- Your task: Wherever a line in the data holds the word "miniature", pull that line out.

════════

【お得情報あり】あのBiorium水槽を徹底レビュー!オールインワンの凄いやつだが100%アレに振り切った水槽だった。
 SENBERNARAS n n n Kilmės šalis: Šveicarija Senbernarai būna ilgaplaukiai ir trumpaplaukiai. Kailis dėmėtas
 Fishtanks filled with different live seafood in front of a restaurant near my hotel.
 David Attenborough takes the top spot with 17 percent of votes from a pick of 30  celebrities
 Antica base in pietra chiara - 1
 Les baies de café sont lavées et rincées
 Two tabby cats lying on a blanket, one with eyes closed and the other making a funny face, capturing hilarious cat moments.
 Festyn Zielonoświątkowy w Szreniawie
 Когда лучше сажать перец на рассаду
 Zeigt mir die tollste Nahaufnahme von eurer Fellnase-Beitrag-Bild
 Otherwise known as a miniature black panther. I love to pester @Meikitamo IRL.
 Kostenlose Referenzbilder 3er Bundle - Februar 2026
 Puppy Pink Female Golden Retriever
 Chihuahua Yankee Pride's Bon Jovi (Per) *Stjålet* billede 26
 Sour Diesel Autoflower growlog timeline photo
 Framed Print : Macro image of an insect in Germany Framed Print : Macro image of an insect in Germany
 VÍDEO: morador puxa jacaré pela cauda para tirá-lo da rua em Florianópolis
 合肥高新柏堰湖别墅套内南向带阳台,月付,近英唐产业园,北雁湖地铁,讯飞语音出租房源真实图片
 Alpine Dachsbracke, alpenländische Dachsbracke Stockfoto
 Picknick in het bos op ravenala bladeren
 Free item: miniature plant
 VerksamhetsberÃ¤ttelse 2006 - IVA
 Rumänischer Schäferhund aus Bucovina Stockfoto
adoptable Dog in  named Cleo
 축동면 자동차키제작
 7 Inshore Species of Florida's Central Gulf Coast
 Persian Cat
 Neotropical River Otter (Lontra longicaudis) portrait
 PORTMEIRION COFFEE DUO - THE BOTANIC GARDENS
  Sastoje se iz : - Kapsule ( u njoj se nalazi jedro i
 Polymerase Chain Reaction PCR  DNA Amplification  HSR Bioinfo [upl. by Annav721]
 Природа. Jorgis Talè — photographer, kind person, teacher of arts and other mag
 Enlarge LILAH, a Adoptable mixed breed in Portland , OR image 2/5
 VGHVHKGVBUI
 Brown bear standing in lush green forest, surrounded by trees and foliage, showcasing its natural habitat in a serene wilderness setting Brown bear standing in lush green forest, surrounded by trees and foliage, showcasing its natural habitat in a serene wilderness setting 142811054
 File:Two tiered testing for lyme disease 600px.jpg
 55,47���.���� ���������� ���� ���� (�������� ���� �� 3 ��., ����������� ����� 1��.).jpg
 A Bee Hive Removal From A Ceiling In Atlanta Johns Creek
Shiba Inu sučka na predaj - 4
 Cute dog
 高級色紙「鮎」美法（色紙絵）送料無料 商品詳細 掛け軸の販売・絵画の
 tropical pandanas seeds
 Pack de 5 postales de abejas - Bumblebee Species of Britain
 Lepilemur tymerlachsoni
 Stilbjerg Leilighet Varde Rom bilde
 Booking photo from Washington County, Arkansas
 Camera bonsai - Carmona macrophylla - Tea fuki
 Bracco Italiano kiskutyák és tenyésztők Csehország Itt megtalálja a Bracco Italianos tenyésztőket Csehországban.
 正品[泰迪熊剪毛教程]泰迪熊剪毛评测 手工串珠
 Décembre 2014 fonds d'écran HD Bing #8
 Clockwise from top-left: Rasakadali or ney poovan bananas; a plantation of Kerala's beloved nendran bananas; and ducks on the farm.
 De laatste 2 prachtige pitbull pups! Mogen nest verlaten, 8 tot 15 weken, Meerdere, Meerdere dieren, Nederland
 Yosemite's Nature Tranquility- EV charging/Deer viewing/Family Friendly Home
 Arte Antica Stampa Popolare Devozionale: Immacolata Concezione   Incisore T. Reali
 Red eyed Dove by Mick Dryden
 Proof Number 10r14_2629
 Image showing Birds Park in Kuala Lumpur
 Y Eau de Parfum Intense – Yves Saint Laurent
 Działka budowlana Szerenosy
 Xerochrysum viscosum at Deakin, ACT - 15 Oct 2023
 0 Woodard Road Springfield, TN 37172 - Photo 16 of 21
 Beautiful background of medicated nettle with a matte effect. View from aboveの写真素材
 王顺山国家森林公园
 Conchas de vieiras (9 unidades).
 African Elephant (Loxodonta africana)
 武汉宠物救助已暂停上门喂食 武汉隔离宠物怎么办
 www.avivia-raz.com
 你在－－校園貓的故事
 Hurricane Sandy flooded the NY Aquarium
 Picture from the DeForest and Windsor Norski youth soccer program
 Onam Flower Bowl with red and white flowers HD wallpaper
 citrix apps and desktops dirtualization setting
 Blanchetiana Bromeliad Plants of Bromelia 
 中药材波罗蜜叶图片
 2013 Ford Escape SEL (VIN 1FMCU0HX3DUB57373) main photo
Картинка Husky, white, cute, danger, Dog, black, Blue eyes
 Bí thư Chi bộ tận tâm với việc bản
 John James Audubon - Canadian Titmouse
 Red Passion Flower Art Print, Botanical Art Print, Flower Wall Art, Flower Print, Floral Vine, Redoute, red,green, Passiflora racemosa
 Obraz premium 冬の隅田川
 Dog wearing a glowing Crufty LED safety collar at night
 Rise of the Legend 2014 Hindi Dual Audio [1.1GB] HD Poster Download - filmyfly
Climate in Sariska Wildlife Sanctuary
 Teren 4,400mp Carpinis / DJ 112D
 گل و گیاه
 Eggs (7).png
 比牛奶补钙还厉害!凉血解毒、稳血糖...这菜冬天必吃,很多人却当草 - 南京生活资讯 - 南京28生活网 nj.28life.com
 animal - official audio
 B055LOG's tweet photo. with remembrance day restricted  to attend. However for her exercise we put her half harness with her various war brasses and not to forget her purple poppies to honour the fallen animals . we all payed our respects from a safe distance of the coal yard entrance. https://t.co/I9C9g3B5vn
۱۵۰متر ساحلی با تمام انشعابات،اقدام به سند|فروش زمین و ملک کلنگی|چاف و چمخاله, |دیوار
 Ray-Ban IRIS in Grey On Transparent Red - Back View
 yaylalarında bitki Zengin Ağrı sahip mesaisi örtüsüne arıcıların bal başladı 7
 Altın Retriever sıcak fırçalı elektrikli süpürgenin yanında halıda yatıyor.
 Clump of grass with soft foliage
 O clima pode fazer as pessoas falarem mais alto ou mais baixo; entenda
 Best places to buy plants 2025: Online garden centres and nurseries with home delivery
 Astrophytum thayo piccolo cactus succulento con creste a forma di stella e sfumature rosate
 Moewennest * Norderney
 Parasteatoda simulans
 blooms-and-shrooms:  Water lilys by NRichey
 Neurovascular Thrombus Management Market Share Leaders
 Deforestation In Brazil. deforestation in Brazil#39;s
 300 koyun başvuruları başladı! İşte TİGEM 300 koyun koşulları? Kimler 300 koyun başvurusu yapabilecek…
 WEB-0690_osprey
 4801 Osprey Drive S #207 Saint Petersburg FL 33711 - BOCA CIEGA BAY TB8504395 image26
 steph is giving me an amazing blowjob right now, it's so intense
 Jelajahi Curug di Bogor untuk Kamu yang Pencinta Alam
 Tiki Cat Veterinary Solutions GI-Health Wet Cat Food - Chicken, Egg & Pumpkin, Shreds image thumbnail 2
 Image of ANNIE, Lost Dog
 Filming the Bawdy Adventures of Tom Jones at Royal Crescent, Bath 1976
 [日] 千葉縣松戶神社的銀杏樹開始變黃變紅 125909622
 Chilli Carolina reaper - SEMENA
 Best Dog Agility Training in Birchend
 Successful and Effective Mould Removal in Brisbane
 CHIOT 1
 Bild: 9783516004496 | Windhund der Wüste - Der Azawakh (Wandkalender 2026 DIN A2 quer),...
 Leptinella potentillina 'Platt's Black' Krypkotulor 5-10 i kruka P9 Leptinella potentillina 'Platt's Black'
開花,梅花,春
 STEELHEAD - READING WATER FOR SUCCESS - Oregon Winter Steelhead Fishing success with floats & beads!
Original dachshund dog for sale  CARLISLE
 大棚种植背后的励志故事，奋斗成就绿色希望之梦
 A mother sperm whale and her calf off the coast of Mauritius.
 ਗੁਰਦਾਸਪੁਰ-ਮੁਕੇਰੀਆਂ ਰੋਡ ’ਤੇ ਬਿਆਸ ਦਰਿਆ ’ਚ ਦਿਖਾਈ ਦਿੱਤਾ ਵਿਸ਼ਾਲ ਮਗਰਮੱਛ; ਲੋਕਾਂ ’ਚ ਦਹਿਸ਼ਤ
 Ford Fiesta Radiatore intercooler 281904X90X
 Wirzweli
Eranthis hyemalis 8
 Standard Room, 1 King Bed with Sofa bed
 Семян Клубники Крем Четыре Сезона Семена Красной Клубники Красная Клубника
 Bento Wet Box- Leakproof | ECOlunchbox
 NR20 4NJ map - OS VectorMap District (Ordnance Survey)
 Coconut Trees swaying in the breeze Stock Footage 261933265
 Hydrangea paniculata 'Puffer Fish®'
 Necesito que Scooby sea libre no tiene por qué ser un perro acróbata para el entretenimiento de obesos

════════

- Exercise solution:
 Otherwise known as a miniature black panther. I love to pester @Meikitamo IRL.
 Free item: miniature plant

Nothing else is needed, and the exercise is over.